What is needed: Give back all of the data verbatim.

(Extracted data entries)
BEGIN
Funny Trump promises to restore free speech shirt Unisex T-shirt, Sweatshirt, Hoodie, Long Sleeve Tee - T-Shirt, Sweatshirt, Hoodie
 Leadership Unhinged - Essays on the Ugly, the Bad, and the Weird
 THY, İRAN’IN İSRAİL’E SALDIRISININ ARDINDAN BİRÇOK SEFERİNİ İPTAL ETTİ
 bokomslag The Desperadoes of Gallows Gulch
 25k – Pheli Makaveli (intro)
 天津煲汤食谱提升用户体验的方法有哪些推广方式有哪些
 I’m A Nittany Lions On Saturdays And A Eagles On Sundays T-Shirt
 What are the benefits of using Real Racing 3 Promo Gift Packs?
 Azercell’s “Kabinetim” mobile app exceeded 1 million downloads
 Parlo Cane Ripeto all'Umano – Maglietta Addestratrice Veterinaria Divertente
END
Your solution:
Funny Trump promises to restore free speech shirt Unisex T-shirt, Sweatshirt, Hoodie, Long Sleeve Tee - T-Shirt, Sweatshirt, Hoodie
 Leadership Unhinged - Essays on the Ugly, the Bad, and the Weird
 THY, İRAN’IN İSRAİL’E SALDIRISININ ARDINDAN BİRÇOK SEFERİNİ İPTAL ETTİ
 bokomslag The Desperadoes of Gallows Gulch
 25k – Pheli Makaveli (intro)
 天津煲汤食谱提升用户体验的方法有哪些推广方式有哪些
 I’m A Nittany Lions On Saturdays And A Eagles On Sundays T-Shirt
 What are the benefits of using Real Racing 3 Promo Gift Packs?
 Azercell’s “Kabinetim” mobile app exceeded 1 million downloads
 Parlo Cane Ripeto all'Umano – Maglietta Addestratrice Veterinaria Divertente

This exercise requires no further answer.